(Entries supplied)

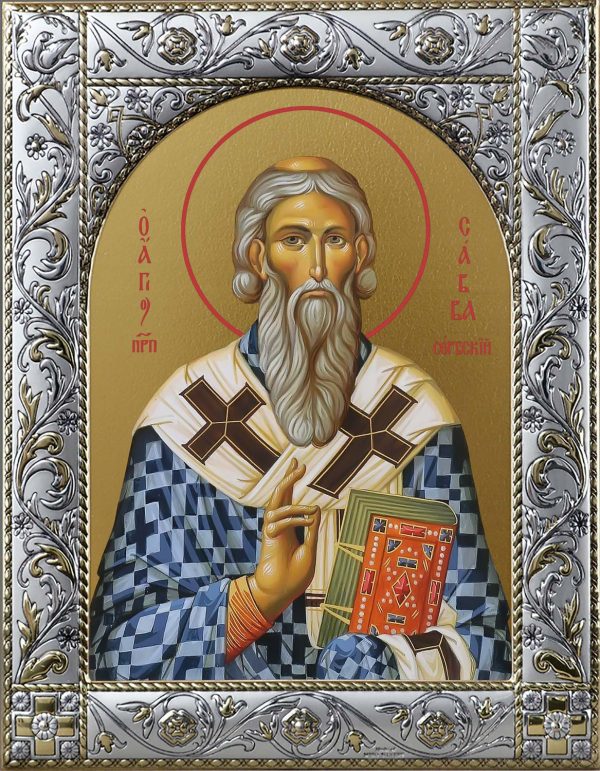 купить икону святого Саввы Сербского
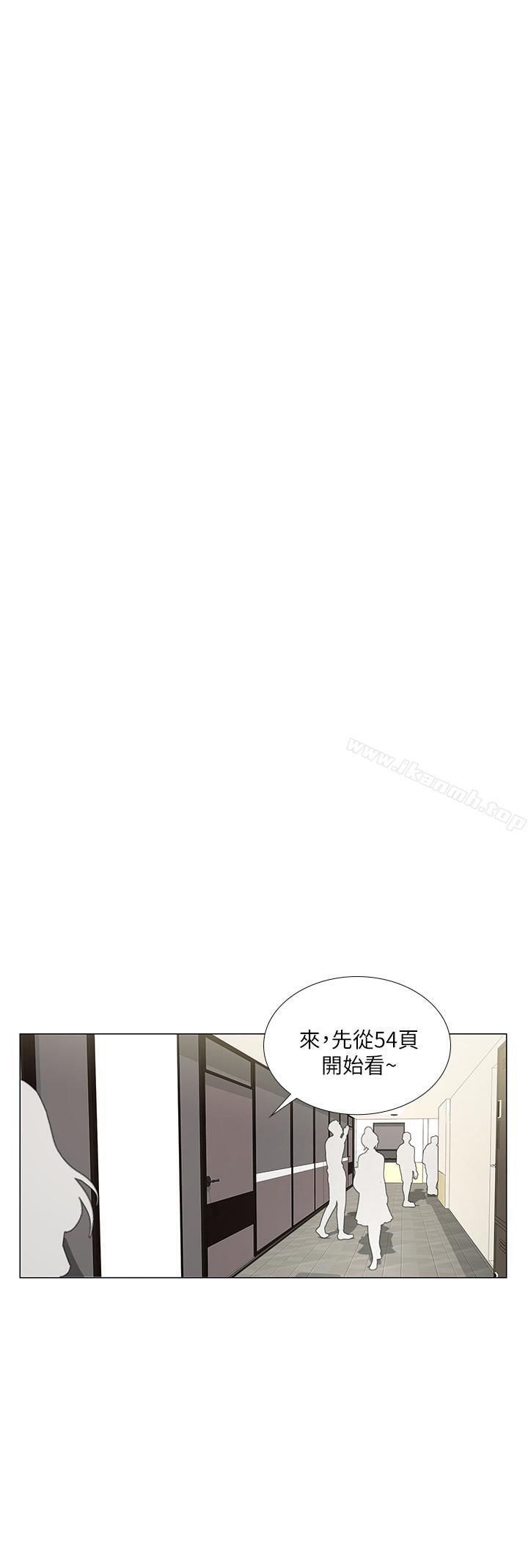 享乐补习街第6话-跟我一起念书嘛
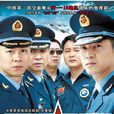 鷹隼大隊 鷹隼大隊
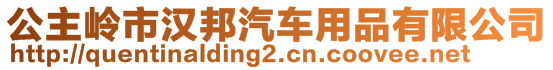 公主嶺市漢邦汽車用品有限公司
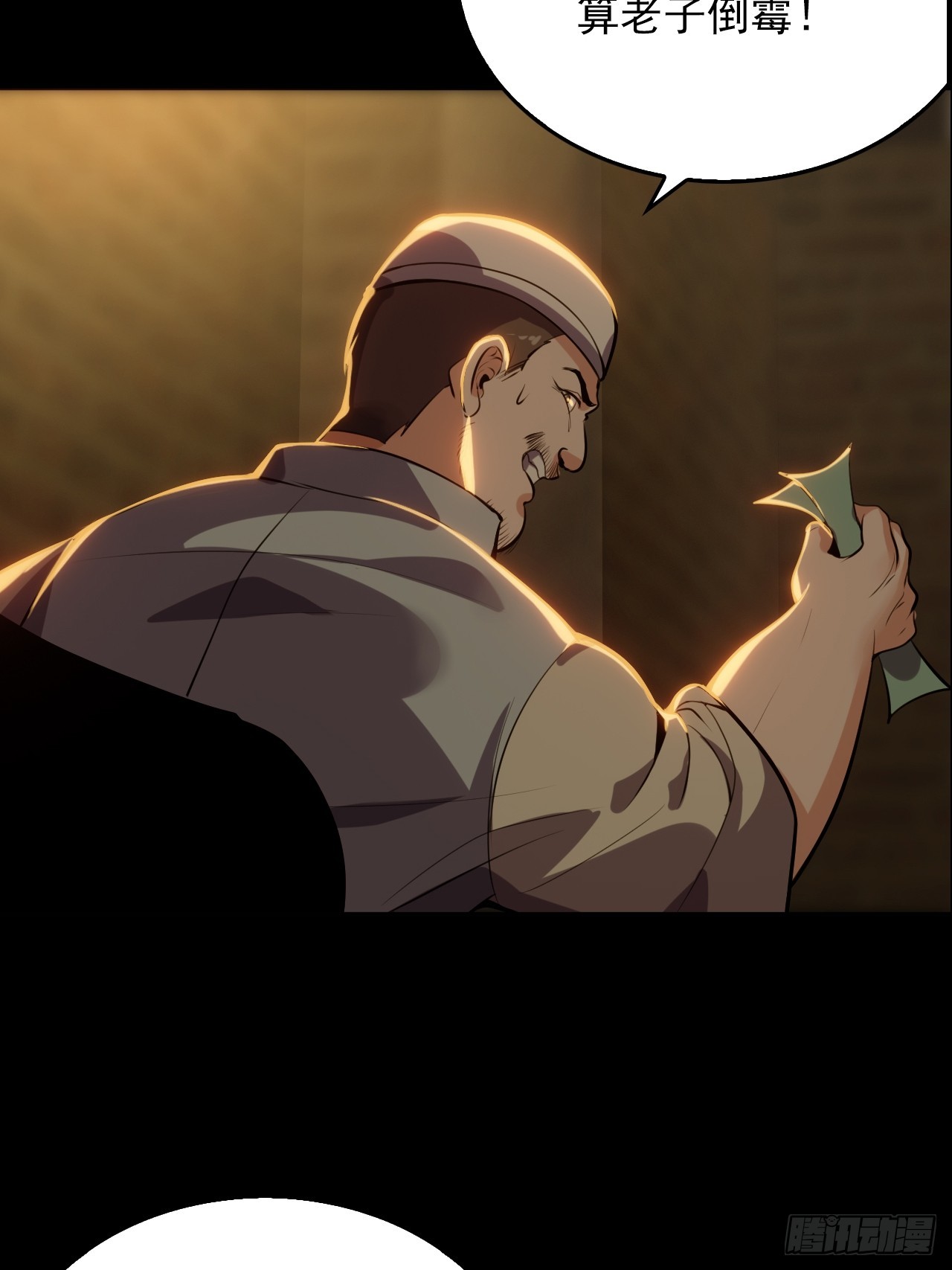 第五十四话：杜步天与段将军(1/2)-第58话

(End Entries supplied)

*Problem description*. Could every entry above be printed again exactly, images excluded?

*Output below*.
 купить икону святого Саввы Сербского
 享乐补习街第6话-跟我一起念书嘛
 鷹隼大隊 鷹隼大隊
 公主嶺市漢邦汽車用品有限公司
 第五十四话：杜步天与段将军(1/2)-第58话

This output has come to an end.